• **EXERCISE**
Exactly the lines from the line with "This video shows" through the final line of the records below, both ends included, are to be set down. Do not include pictures.

Records drawn from a dataset:
((

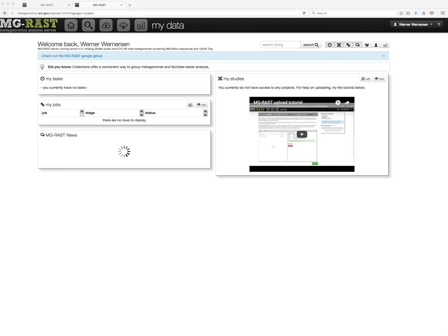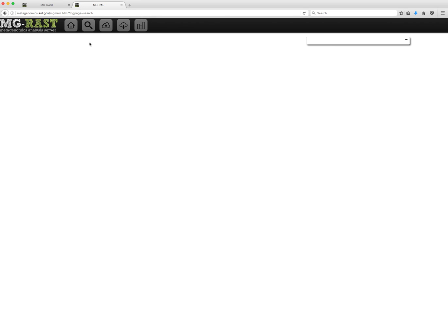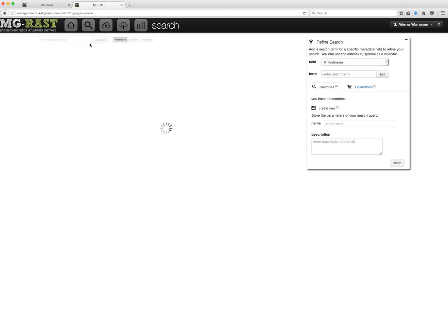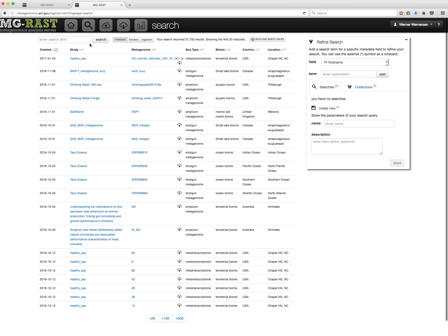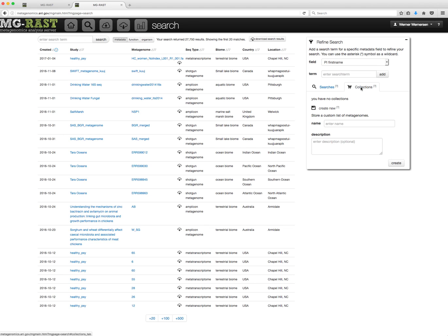You can get to the search page by clicking on the magnifying glass icon in the menu. The collections tab is located on the right. Collections are indicated by the shopping cart icon.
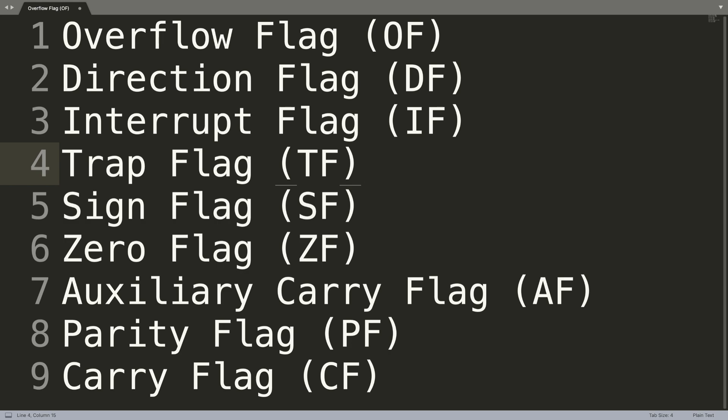Next we have the sign flag, and this basically shows the sign of a result from a particular mathematical operation. A positive value clears the value of the sign flag to zero, and a negative result sets it to one. The sign is indicated by the high order or leftmost bit.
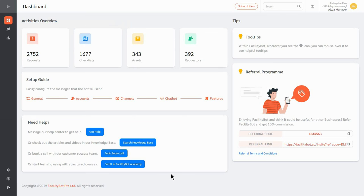Facility managers can integrate FacilityBot with Facebook Messenger to allow requesters to make fault reports and service requests using the messaging channel.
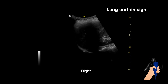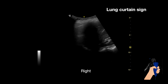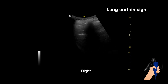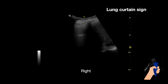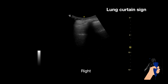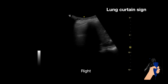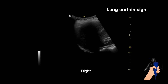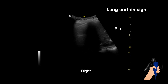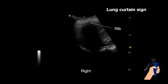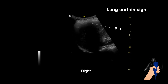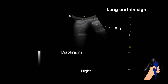This video shows a normal long curtain sign. The long curtain sign looks like a curtain. A lines enter the visual field when respiration occurs. Here we can see a rib right in the middle causing an echogenic shadow. Then we can see the diaphragm coming in and out.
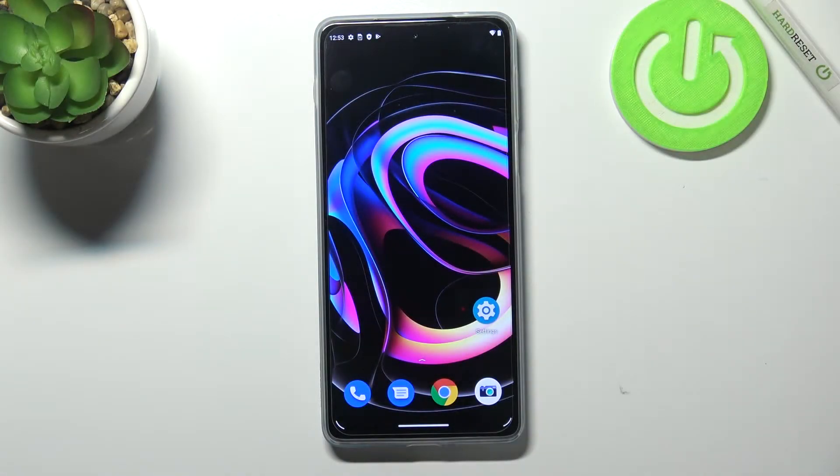Hi everyone. In front of me I've got the Motorola Moto Edge 20 Pro, and let me share with you how to change the wallpaper on this device.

))

• **TASK ANSWER**
This video shows a normal long curtain sign. The long curtain sign looks like a curtain. A lines enter the visual field when respiration occurs. Here we can see a rib right in the middle causing an echogenic shadow. Then we can see the diaphragm coming in and out.
Hi everyone. In front of me I've got the Motorola Moto Edge 20 Pro, and let me share with you how to change the wallpaper on this device.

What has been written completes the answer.